Due to the necessity for precise treatment planning, the use of panoramic X-rays to identify different dental diseases has tremendously increased. Although numerous ML models have been developed for the interpretation of panoramic X-rays, there has not been an end-to-end model developed that can identify problematic teeth with dental enumeration and associated diagnoses at the same time. To develop such a model, we structure the three distinct types of annotated data hierarchically following the FDI system, the first labeled with only quadrant, the second labeled with quadrant-enumeration, and the third fully labeled with quadrant-enumeration-diagnosis.

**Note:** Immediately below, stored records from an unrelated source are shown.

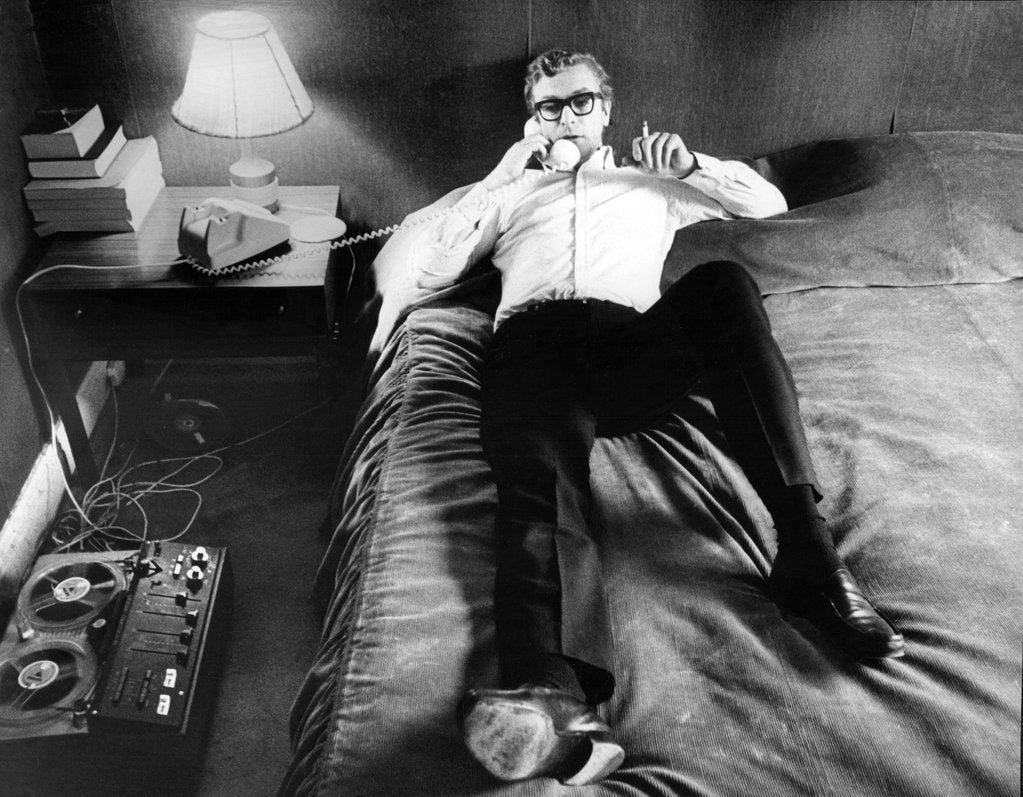 Detail of Michael Caine chilling out by Associated Newspapers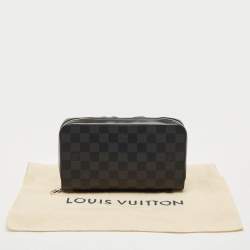 Pre Owned Louis Vuitton Damier Graphite Canvas Zippy XL Wallet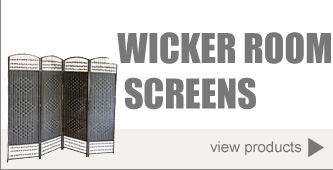 Wicker Room Divider Screens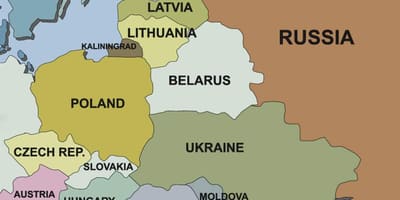 Mapa mapa Estonii innych krajów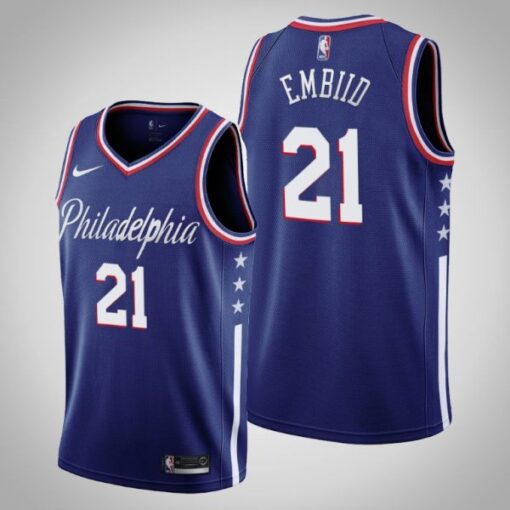 Philadelphia 76ers Joel Embiid Blue City Edition Jersey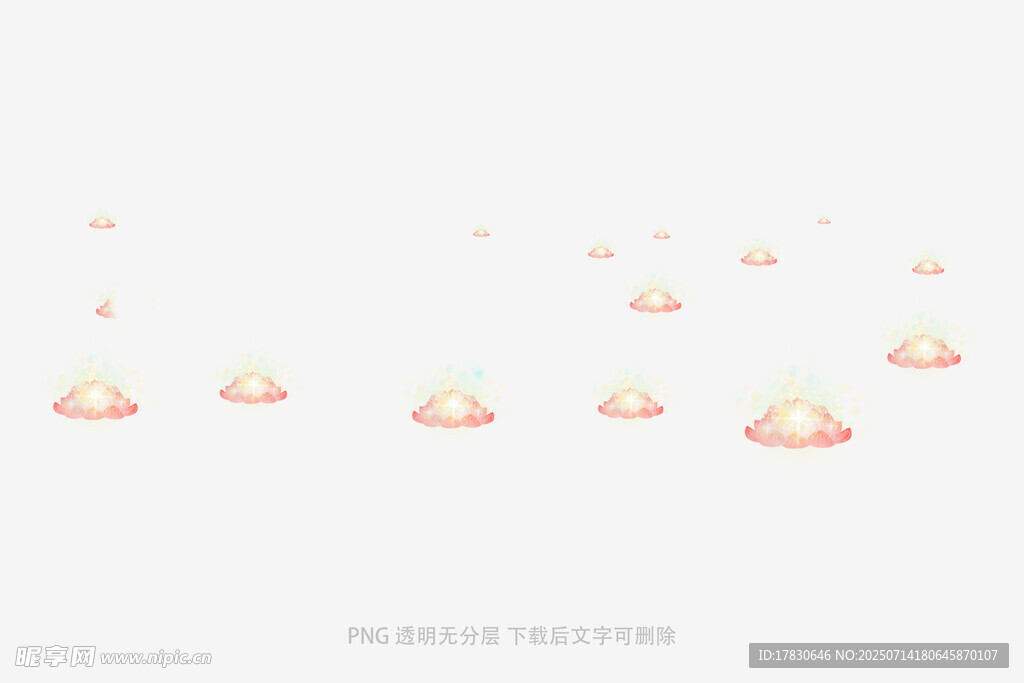 漂浮的梦幻云朵图案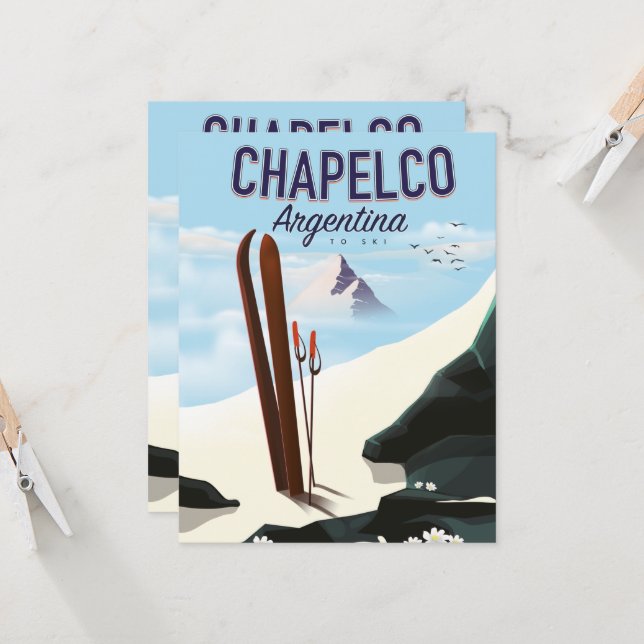 Chapelco Argentinien zum Skifahren (Vorderseite/Rückseite Beispiel)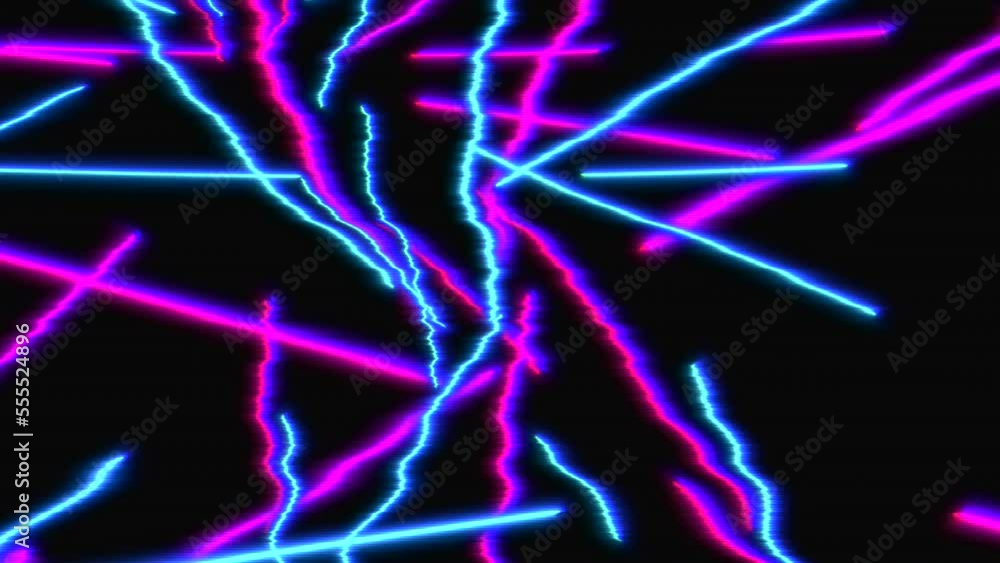 Neon glowing shimmering lines abstract futuristic background. Neon glowing shimmering lines abstract futuristic background.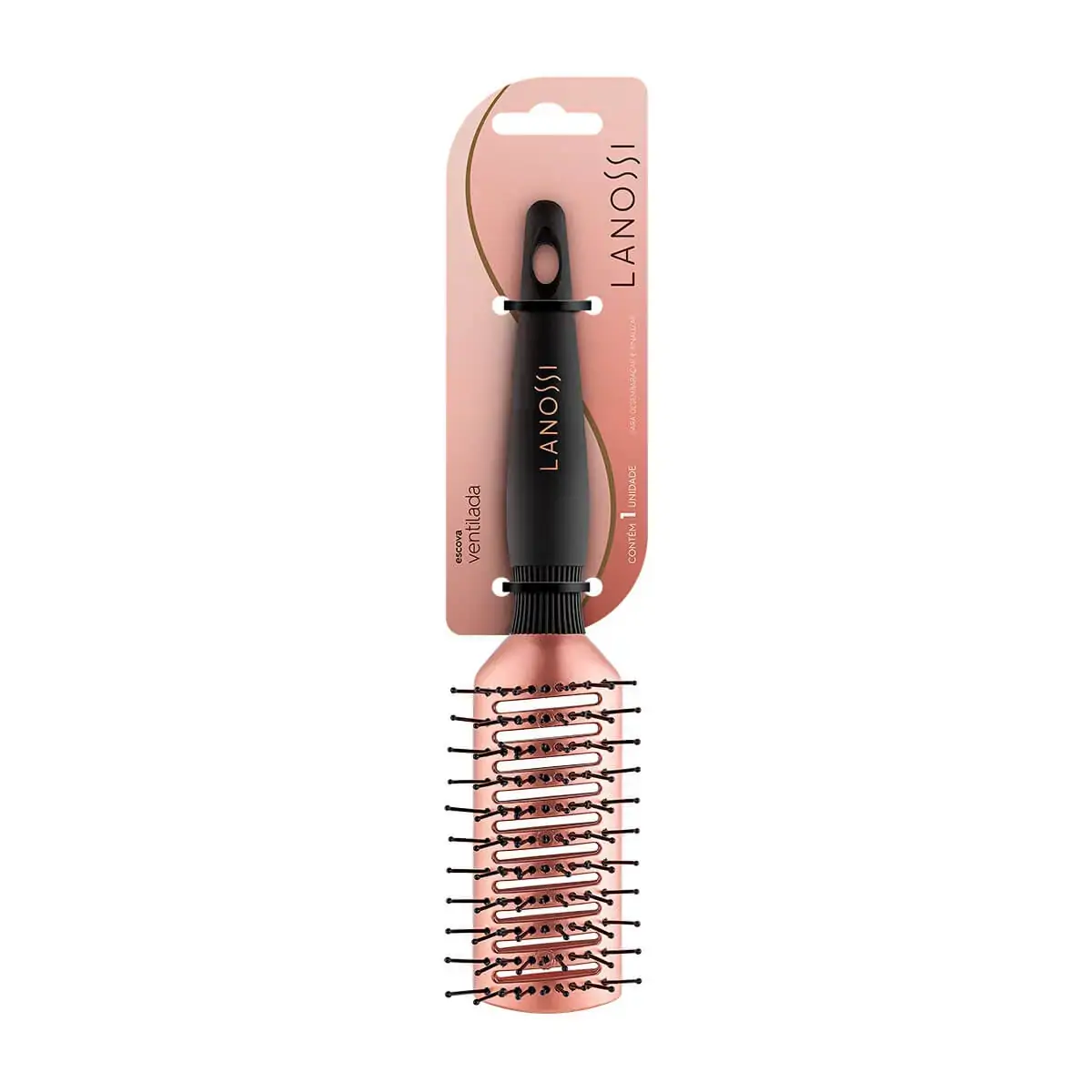 Escova De Cabelo Lanossi Ventilada Bronzer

To learn from all three hierarchies jointly, we introduce a novel diffusion-based hierarchical multi-label object detection framework by adapting a diffusion-based method that formulates object detection as a denoising diffusion process from noisy boxes to object boxes. Specifically, to take advantage of the hierarchically annotated data, our method utilizes a novel noisy box manipulation technique by adapting the denoising process in the diffusion network with the inference from the previously trained model in hierarchical order. We also utilize a multi-label object detection method to learn efficiently from partial annotations and to give all the needed information about each abnormal tooth for treatment planning. Experimental results show that our method significantly outperforms state-of-the-art object detection methods, including RetinaNet, Faster R-CNN, DETR, and DiffusionDet for the analysis of panoramic X-rays, demonstrating the great potential of our method for hierarchically and partially annotated datasets. The code and the data are available at: https://github.com/ibrahimethemhamamci/HierarchicalDet.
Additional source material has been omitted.